25 ottobre 2017

INTERVISTA DOPPIA per Musica Jazz

Alceste Ayroldi 
intervista John De Leo e Fabrizio Puglisi 


I testi sono pochi e rarefatti: lasciano la scena alla voce come strumento. John, qual è la ricerca che stai effettuando e, nel caso, ti sei prefisso un obiettivo?

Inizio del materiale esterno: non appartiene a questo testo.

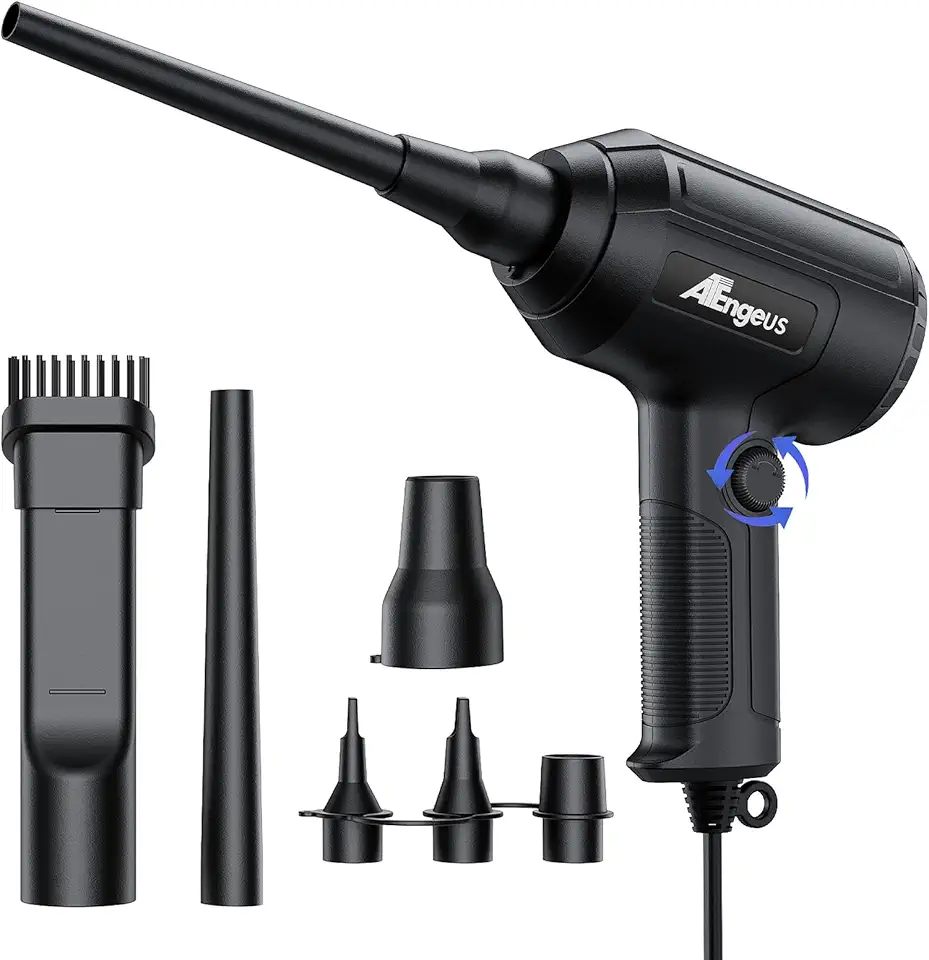 ATEngeus Ar Comprimido Elétrico com Velocidade Variável, Limpador de Teclado, Substituto para Ar Comprimido Em Lata, Soprador de Ar para Limpeza de Poeira, Pelos, Laptops E Pcs.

“In un progetto come questo, gli obiettivi individuali si confondono, si fondono. La mia ricerca inevitabilmente diviene una ricerca doppia, comune: la nostra. Altro dai miei intenti personali. 
Personalmente, e da sempre, non mi interessa il mero studio della voce; il pensiero piuttosto è sul contesto musicale, come e dove inscrivere lo strumento voce tra gli strumenti. Nei miei progetti molte volte è l’ultimo dei tasselli. Il mio strumento può eseguire il tema principale, come asservire al contrappunto o a supporto ritmico: la voce per me è uno degli strumenti a servizio della composizione. In sintesi, mi interessa una musica nella sua interezza. 
A ogni modo, la personale ricerca sulla voce insegue la rappresentazione, la rappresentabilità. In maniera più o meno naturale mi trovo -nel destino dell’uso del mio strumento voce- a cercare forme ulteriori, ad adoperarmi per amplificare sensi e significati attraverso i suoni. Sensi delle parole, nel caso in cui canti parole ma, alle parola cantata, ancora prediligo la musica: è mia convinzione che i suoni e le sue combinazioni possano raccontare molte più parole di quante se ne possano esprimere”.